-- Listed entries follows --

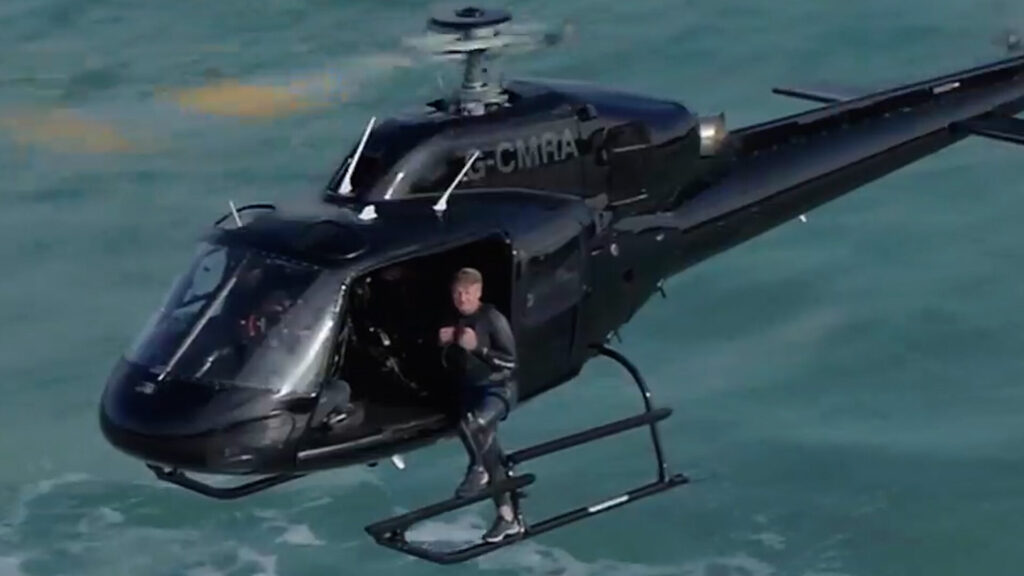Gordon Ramsay sitting on the edge of a helicopter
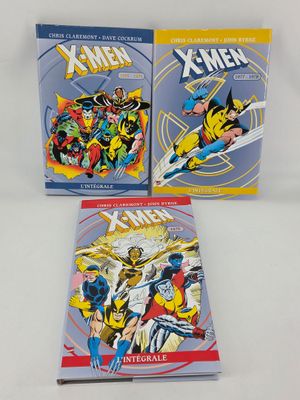 the x - men comic books are sitting on a white surface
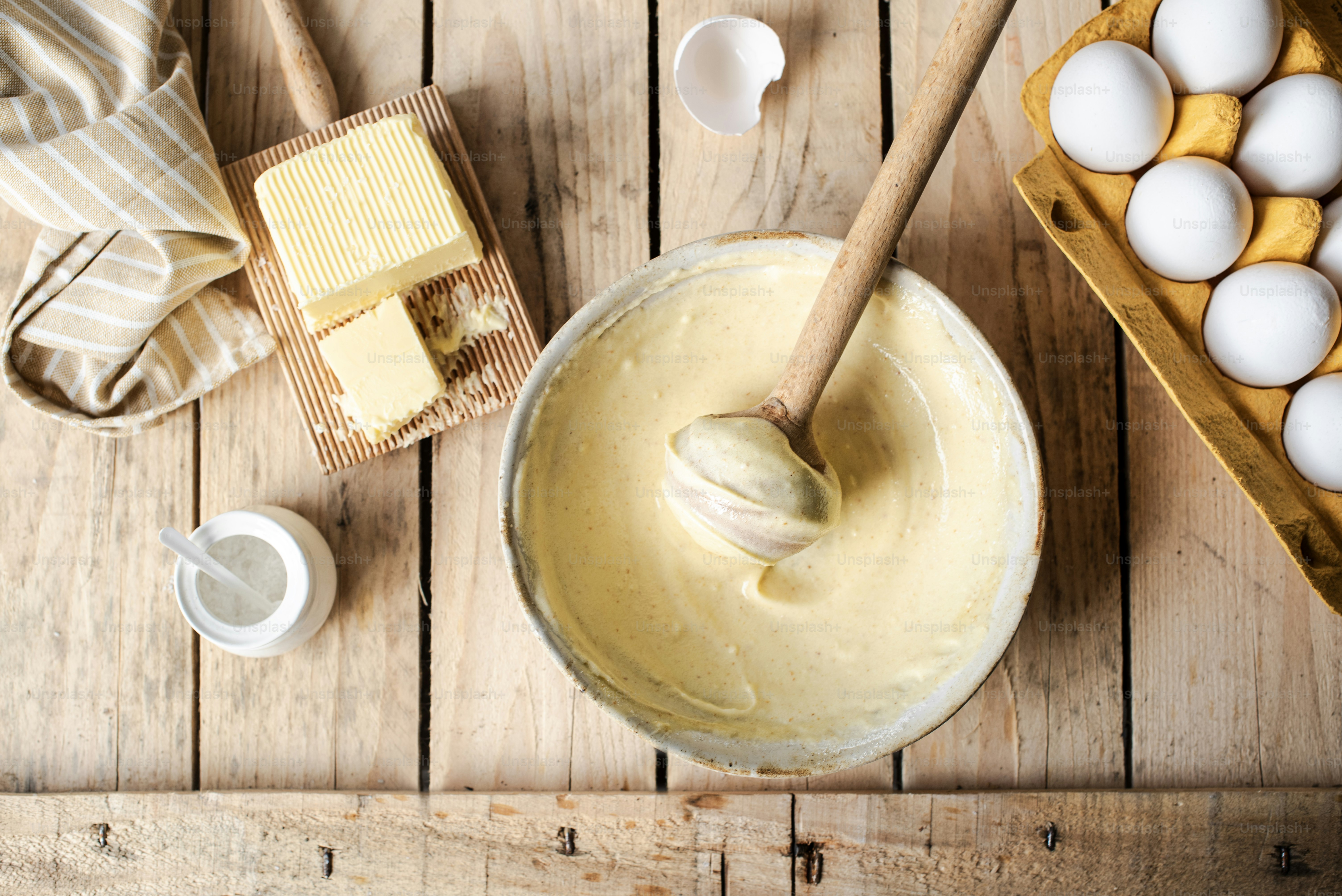 Whipped brown butter for a cake in a bowl on a wooden table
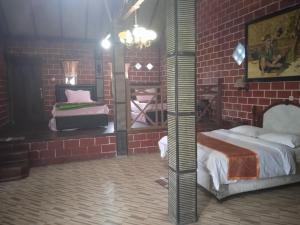 Letto o letti in una camera di Yoschi's Hotel Bromo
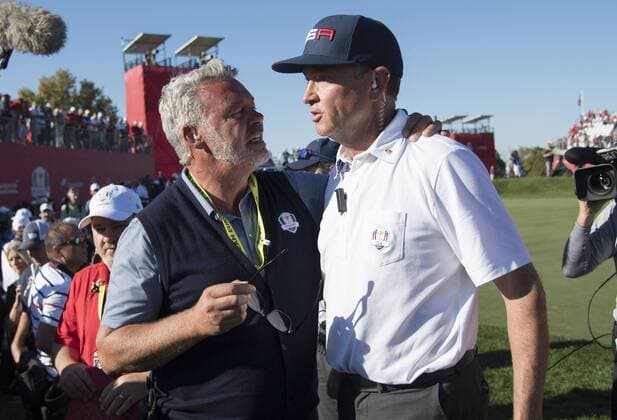USA team captain Davis Love III (R) embraces European team captain Darren Clarke after the United States defeated Europe to win the 2016 Ryder Cup at Hazeltine National Golf Club in Chaska, Minnesota on October 2, 2016. USA defeated Europe 17-11 winning the Ryder Cup for the first time since 2008.  MIN20161002365 KEVINxDIETSCH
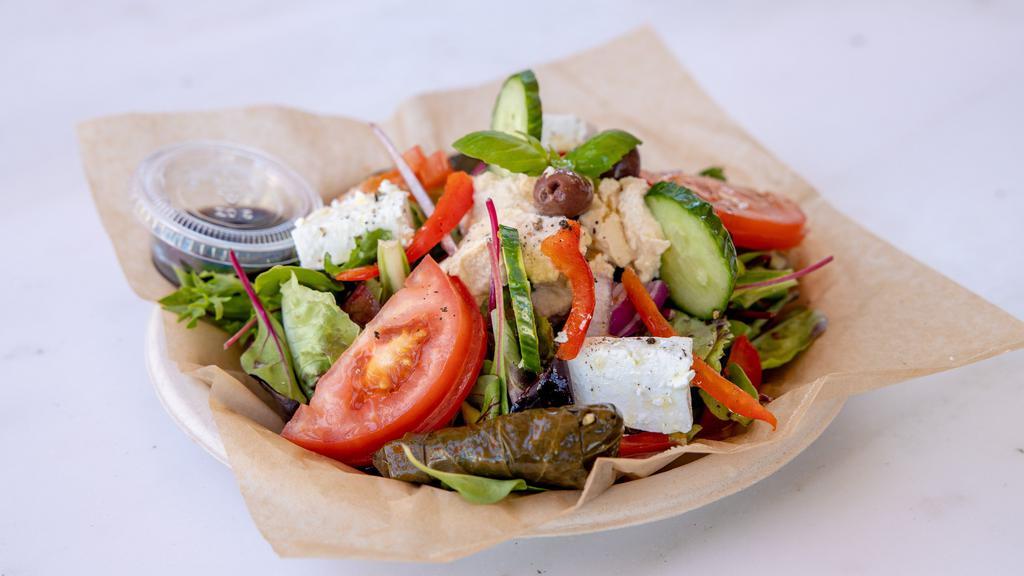 Greek Salad · Hummus, dolmas, red onions, mixed greens, cucumber, artichoke hearts, garbanzo beans, feta cheese, olives, roasted red peppers, basil, olive oil, and vinegar.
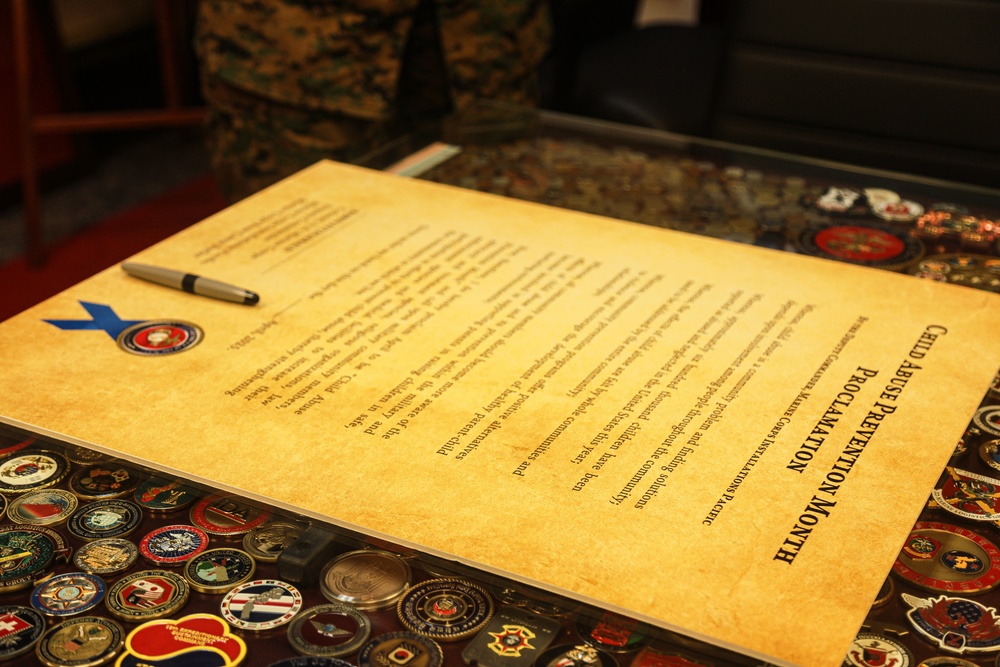 Col. Karin Fitzgerald signs the Child Abuse Prevention Month proclamation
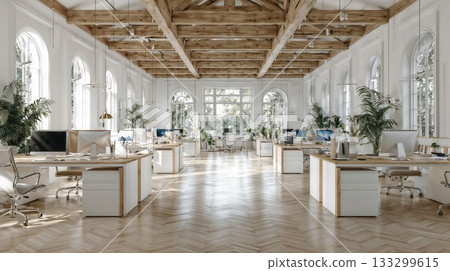 Bright modern office space with exposed wooden beams, white desks, computers and large arched windows creating airy collaborative workspace with natural light and plants 133299615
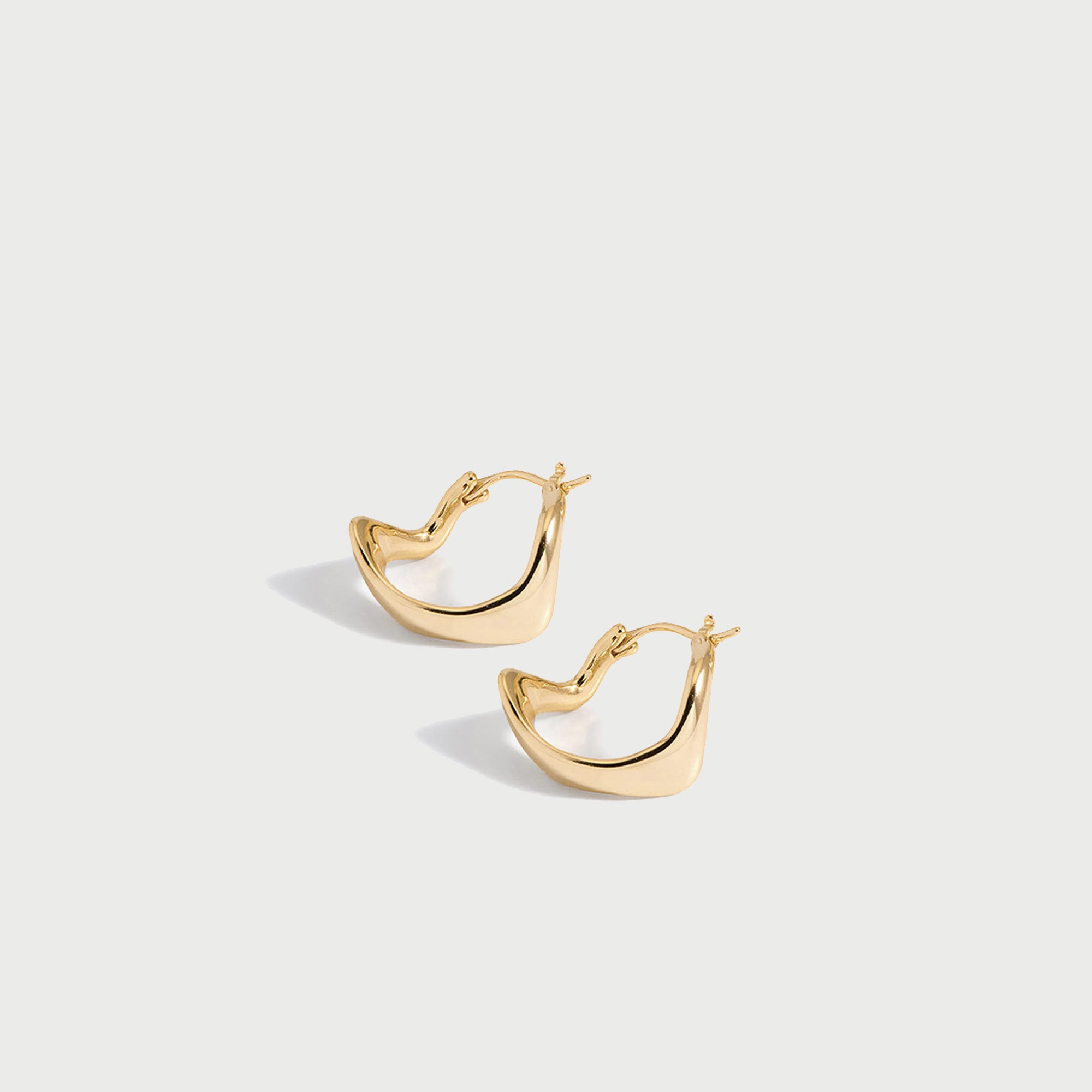 Curved Mini Hoop Earrings in Gold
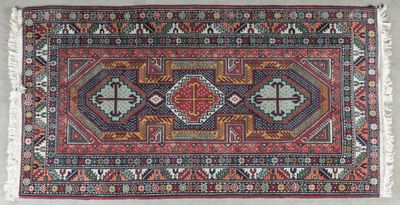an old persian rug with geometric design and fringe fringes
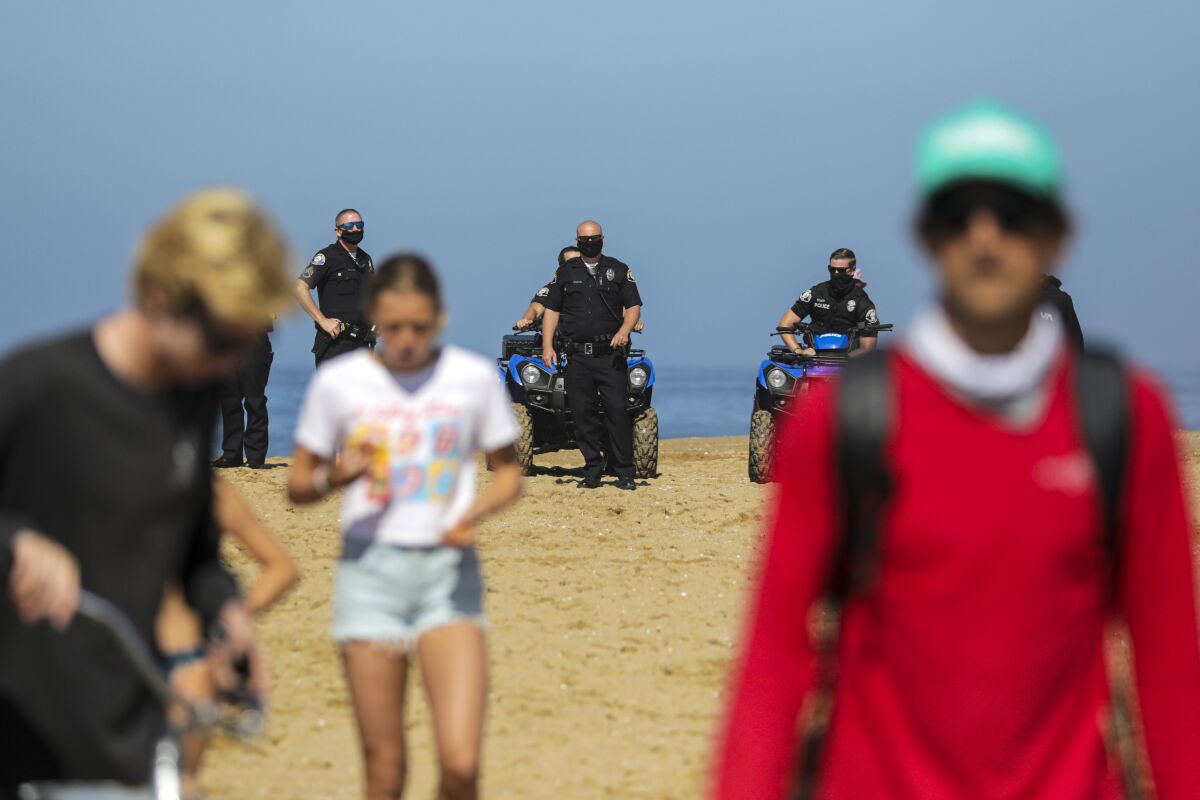 Newport Beach police officers enforce the closure of the beach along the Wedge, a very popular surf spot on July 4.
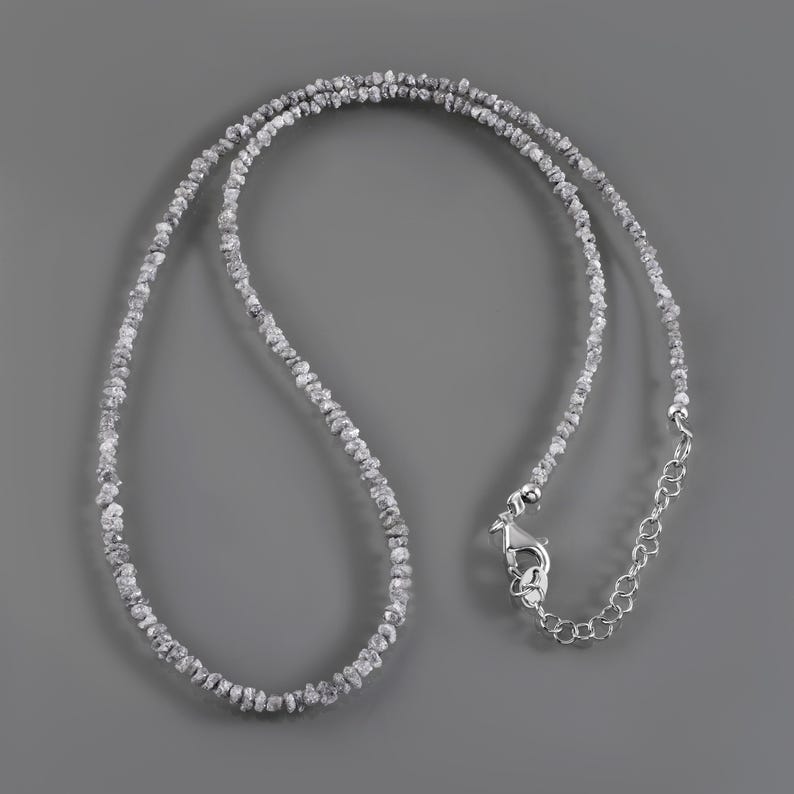 May include: A silver necklace made of small, rough, grey diamonds. The necklace has a lobster clasp closure.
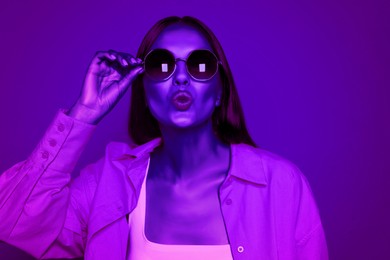 Image of Attractive happy woman with fashionable sunglasses in neon light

-- Listed entries concluded --

Write out the records above in full and exactly, with no pictures.

### Answer to the problem
Gordon Ramsay sitting on the edge of a helicopter
 the x - men comic books are sitting on a white surface
 Whipped brown butter for a cake in a bowl on a wooden table
 Letto o letti in una camera di Yoschi's Hotel Bromo
USA team captain Davis Love III (R) embraces European team captain Darren Clarke after the United States defeated Europe to win the 2016 Ryder Cup at Hazeltine National Golf Club in Chaska, Minnesota on October 2, 2016. USA defeated Europe 17-11 winning the Ryder Cup for the first time since 2008.  MIN20161002365 KEVINxDIETSCH
 Greek Salad · Hummus, dolmas, red onions, mixed greens, cucumber, artichoke hearts, garbanzo beans, feta cheese, olives, roasted red peppers, basil, olive oil, and vinegar.
 Col. Karin Fitzgerald signs the Child Abuse Prevention Month proclamation
 Bright modern office space with exposed wooden beams, white desks, computers and large arched windows creating airy collaborative workspace with natural light and plants 133299615
 Curved Mini Hoop Earrings in Gold
an old persian rug with geometric design and fringe fringes
 Newport Beach police officers enforce the closure of the beach along the Wedge, a very popular surf spot on July 4.
 May include: A silver necklace made of small, rough, grey diamonds. The necklace has a lobster clasp closure.
 Image of Attractive happy woman with fashionable sunglasses in neon light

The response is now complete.